Oh Manuela, the sausages were so, so scrummy and I would have thought you would have loved them with your Teutonic background. However, I loved them and they were to cheer up Katie anyway! Sheesh, everyone's a critic.

However, moving on from the sausages, here are some more pics from the soon-to-be-demolished kitchen.

It looks awfy tidy and clean but as you can see from the things that sit on every available inch of surface, storage space is at a premium.

I am swithering towards a cream kitchen as that is what I have at the moment. Amy is completely correct in that during the winter, it is unmitigated gloom here. However, even in spring and summer, my kitchen faces north-east so gets full sun only at the end of the day. Light and bright is what is needed.







I just have so. much. stuff. The room is like 10 feet by 14 feet so positively bijou. It is closed off from the rest of the house as small enclosed rooms here in the UK = easy to keep warm.

I don't think the previous owners had any collections of china or teacups so decided that wall cupboards were a step too far! Just too progressive.

Monday, February 13, 2006

Reasons to Celebrate, be they ever so Tiny

Drum roll please.

Today is CD1 again.

Right in the middle of a meeting in Braveheart country, it arrived. I feel like painting my face blue in celebration though as this was a 38 day cycle. Only 10 days longer than a normal one!!

I know, as a pre-menopausal old crone, it means nothing really but what the heck. I am sure we will be back to normal with 54 or 84 days next time haha!

Katie at Maybe Expectant is hopefully on bedrest after her 2nd IVF transfer. These photos from my kitchen are for her inspiration. I like to call it "Triptych of Tea and Sausages".

More "before" kitchen pics will follow to demonstrate the shocking conditions I am forced to cook in.



Tuesday, February 07, 2006

Kitchenalia

I am now in a kitchen frenzy. The only thing that I am lamenting is that I can not have a groovy island. Not enough space in my standard U shaped kitchen.

I could have named it Infertility Island (thanks to Mare). A barren wasteland of teeth-chipping, unrelenting, cold granite. Probably just as well I am not having one. I so wanted one though but this is where the knocking down of wall or building of house extension would have to come into play. Sometimes you just have to accept that everything is not possible.

If it is to be Ikea, I have narrowed it down to 4 door choices. The pics are a bit small but you can get the full kitchen dealio here.



Birch adel





White Stat





Oak Tidaholm






Yellow white Adel





The basic carcass is the same for all and it is only the doors and hardware that have to be chosen. Ha! I almost made it sound so easy there for an unfettered Libran who hates to make decisions. You wonderful internets are going to be called upon to assist me. I hope you are up to the task.

Of course, the resident kitchen queens Julianna and Millie and Amy are already the experts. I bow to the kitchen goddesses. I will need all their queenly help, just as per usual haha!

Sunday, February 05, 2006

You Will Alway Find Me in the Kitchen at Parties

because I adore looking at other people's kitchens and fantasising about what I will do to mine someday.

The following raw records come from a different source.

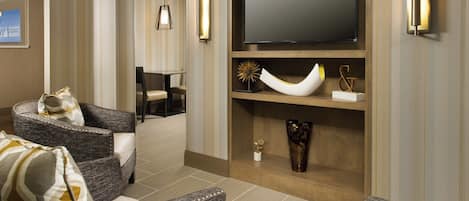 A hotel lobby with a seating area, a flat-screen TV mounted on a wooden wall, and a reception desk.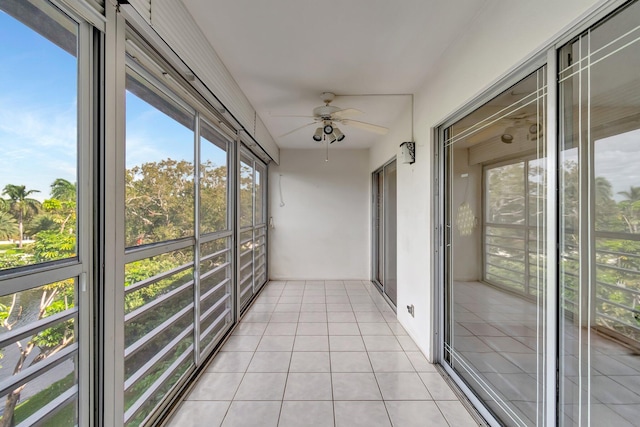 unfurnished sunroom featuring plenty of natural light and ceiling fan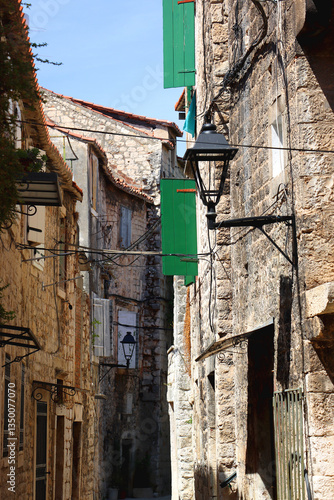 Obraz na płótnie Picturesque Mediterranean street and traditional architectural details in Trogir, Croatia. w salonie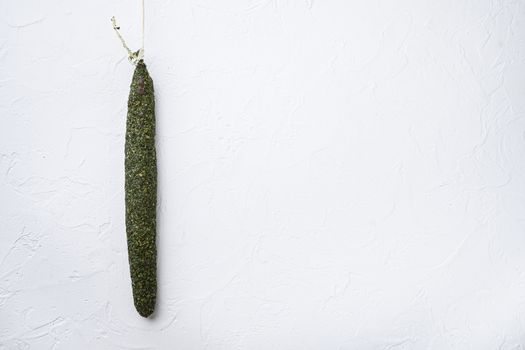 Fuet, salami sausages on white textured background with copy space.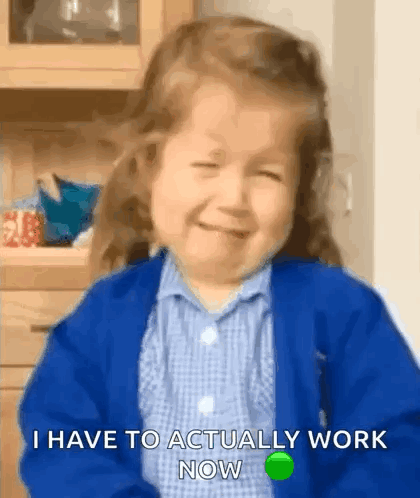 a little girl is crying and smiling while wearing a blue sweater .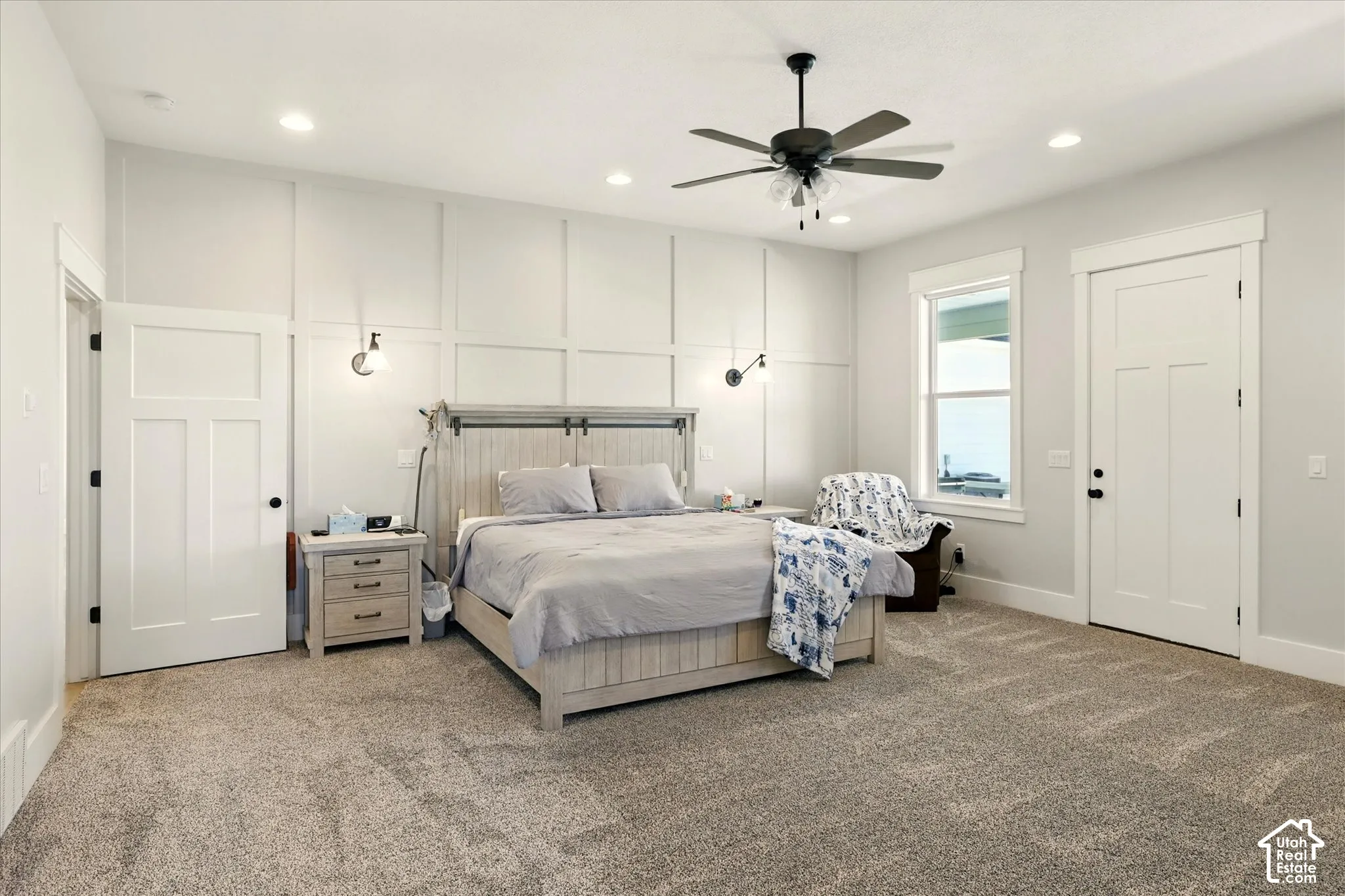 Primary Bedroom featuring wall paneling, recessed lighting, ceiling fan, wall-mounted light fixtures, and multi-panel interior doors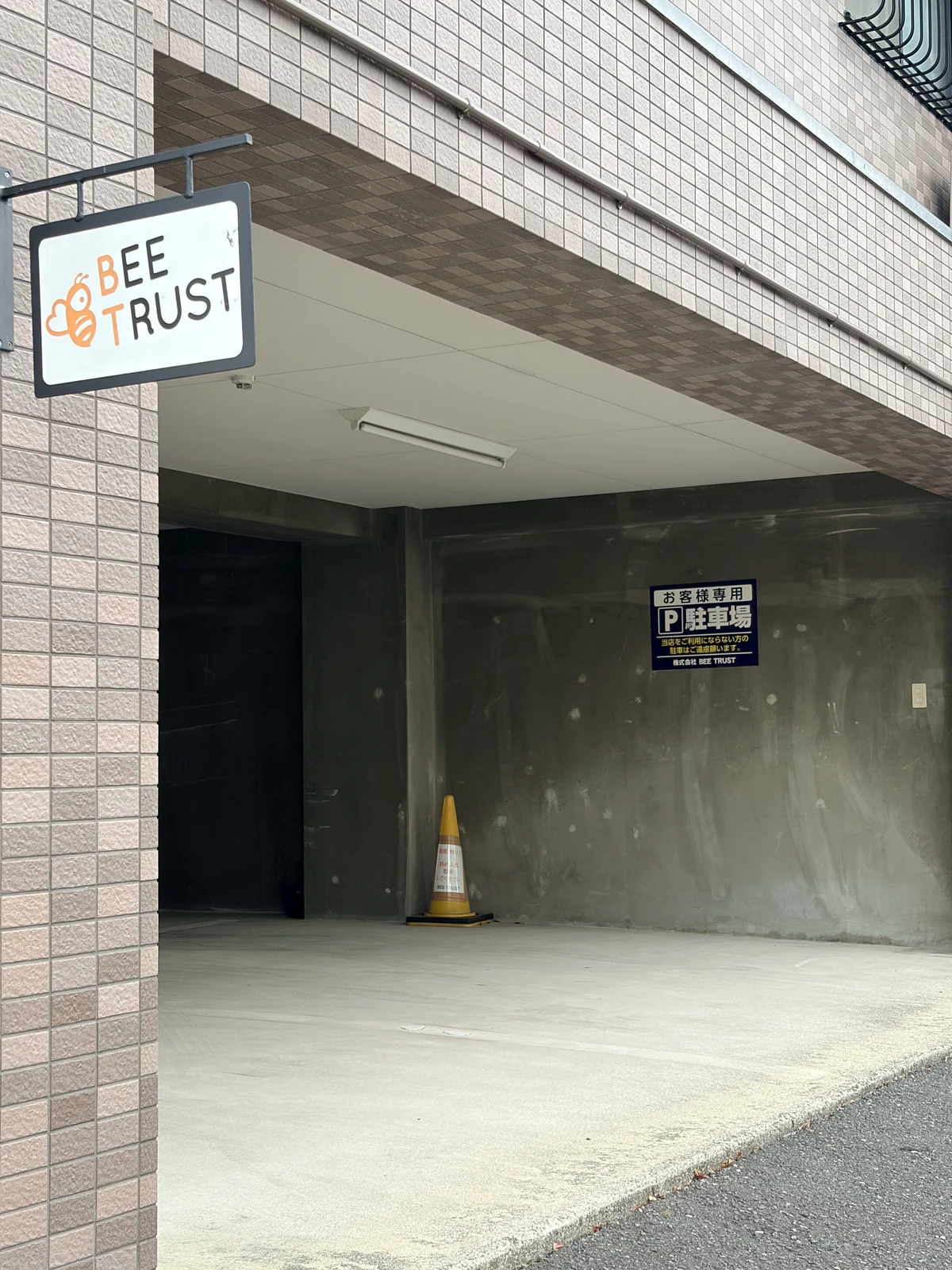 BEE TRUST専用駐車場の入口。入口に段差があるため、斜めに入庫いただくか、スタッフが別の駐車場をご案内します。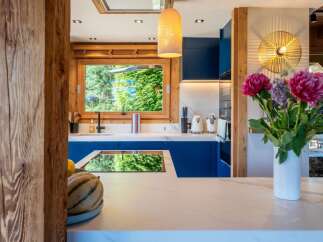 Experience modern mountain living in this stunning kitchen featuring sleek navy blue cabinetry and a marble countertop.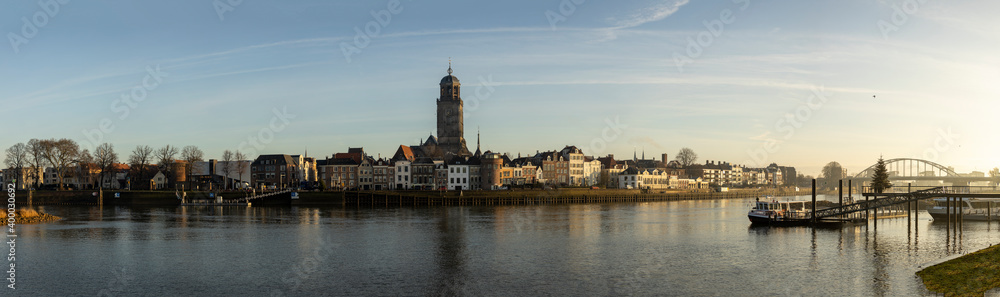 Cityscape panorama of the Dutch Hanseatic medieval city of Deventer in The Netherlands seen from the other side of the river IJssel at sunrise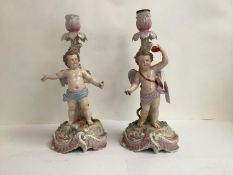 Pair of C19th Rudolstadt porcelain candlesticks, decorated with cherubs on naturalistic swagged,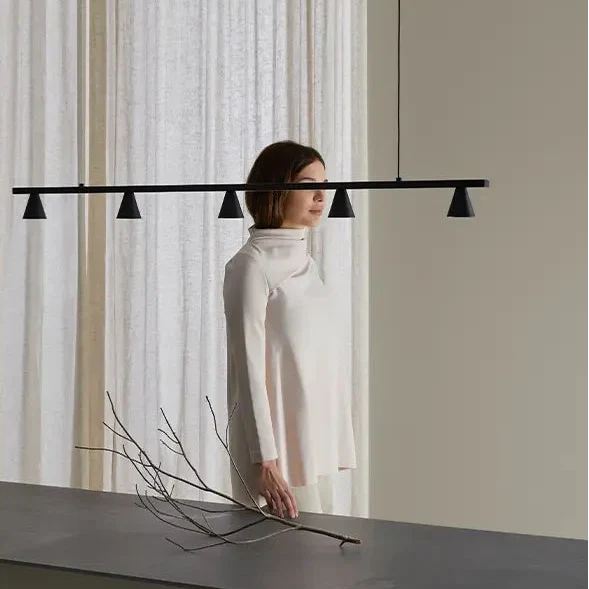 Five-cone adjustable linear LED pendant, above a kitchen island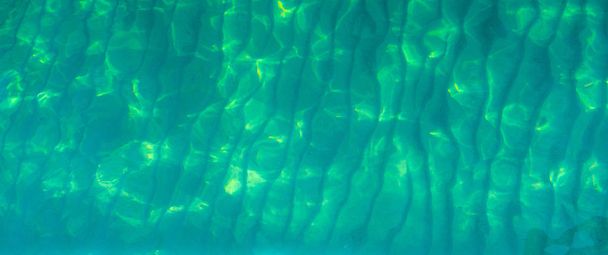 Зелена абстрактна текстура фону смарагдової зеленої морської води. Вид зверху на зелену морську воду з унікальним візерунком. Зелений фон. Поверхня морської хвилі води на узбережжі. Бірюзова вода на мілководді
. - Фото, зображення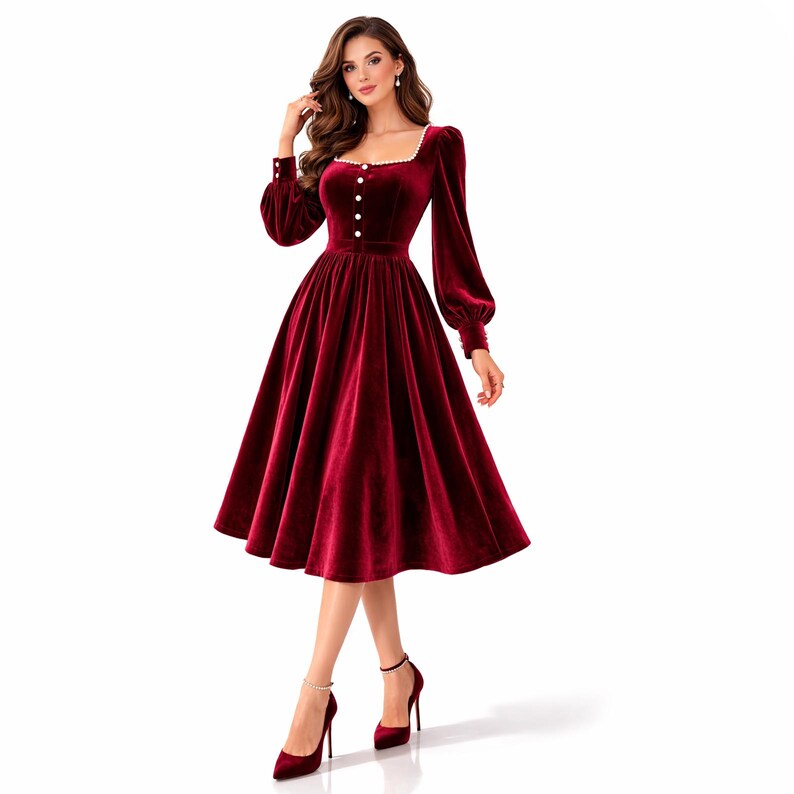 Elegant red velvet midi dress with pearl trim, square neckline, long sleeves, and a modest feminine silhouette.
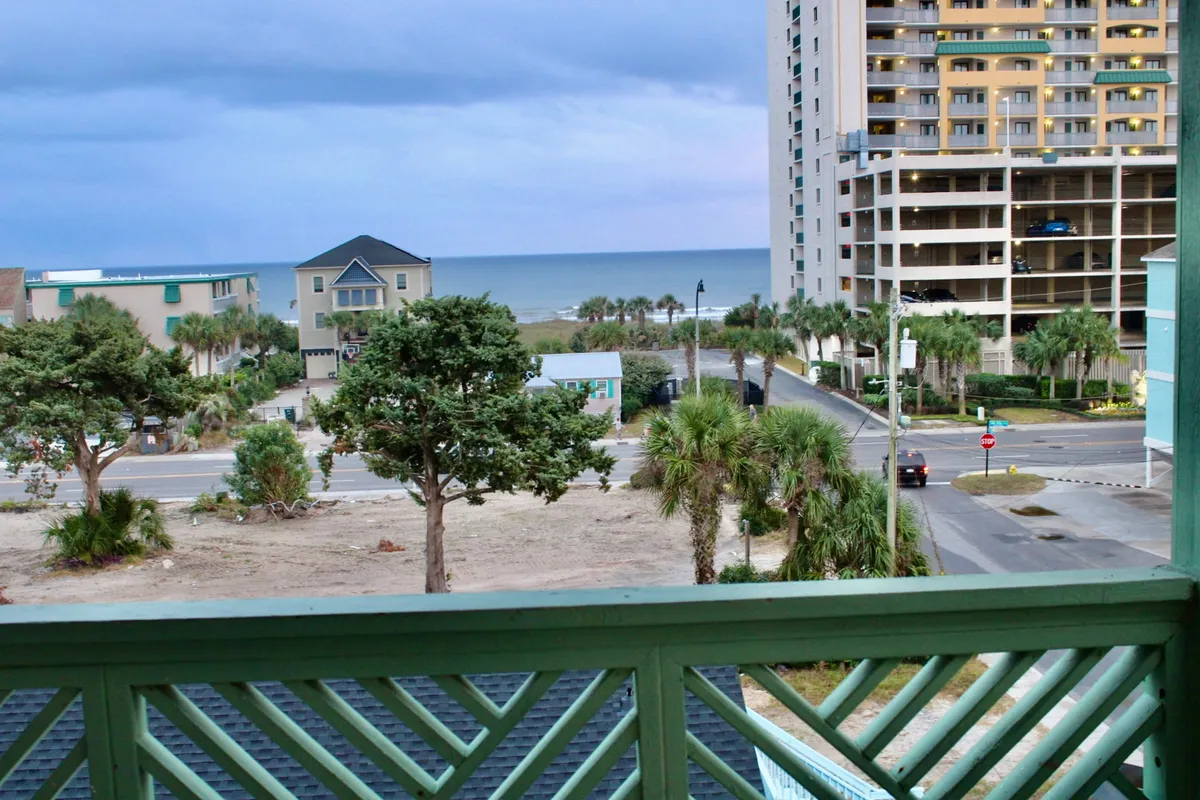 The hero image showcases a breathtaking ocean view framed by swaying palm trees, with tall buildings lining the shore. The scene invites guests to relax on the balcony, soak in vibrant sunsets, and enjoy the tranquil atmosphere by the beach.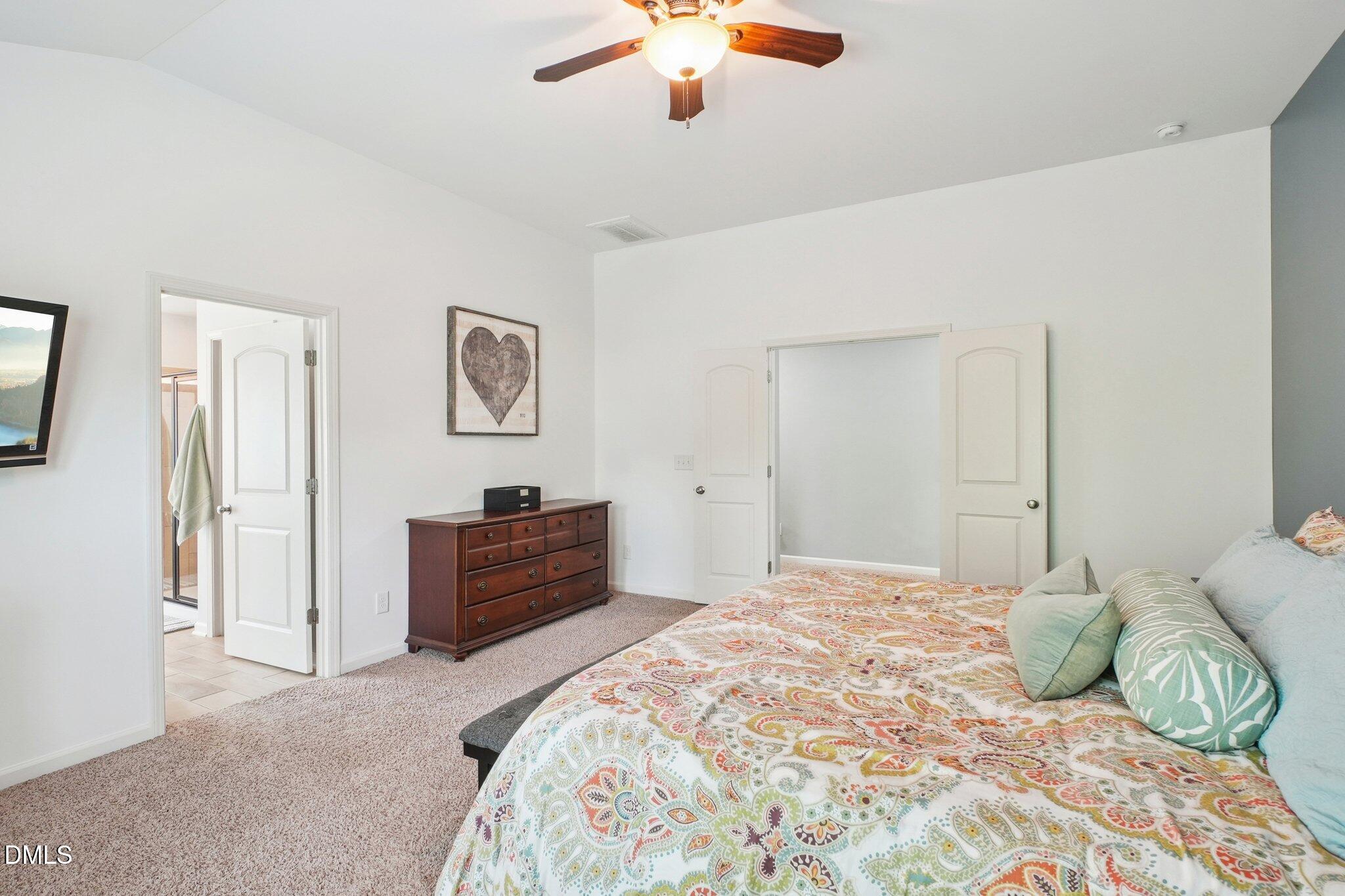 203 Hico Way Durham, NC 27703 - Photo 39 of 62 a bedroom with a bed and a chandelier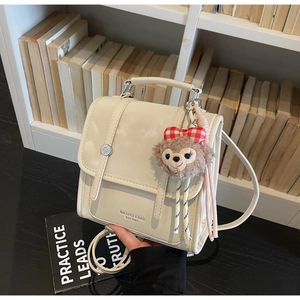 Detail view of cream vintage backpack featuring a Duffy bear plush charm on the side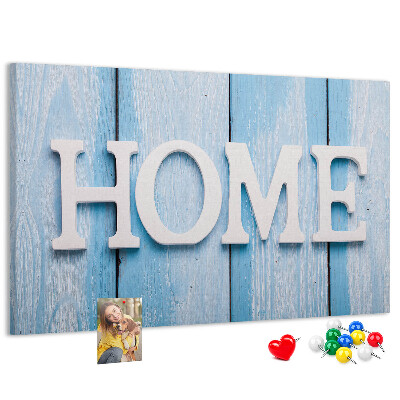 Bacheca in sughero con scritta decorativa Home su sfondo blu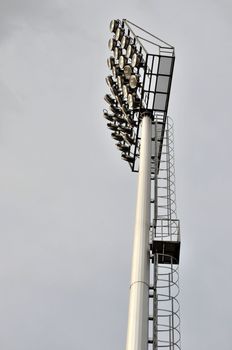 Sport light tower for arena with cloudy sky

Well, that day has come. No, I do not have enough cash to necessarily knock through the wall or add the extension or have the sexy granite counters. But by jove, I am having a new kitchen!!!!!

I am not waiting around any more for the kitchen dream. It may be Ike* fittings and a tad budget-conscious but it will be mine, all mine hahaha! I have waited 6 years to do this and I am going to be a madwoman unleashed.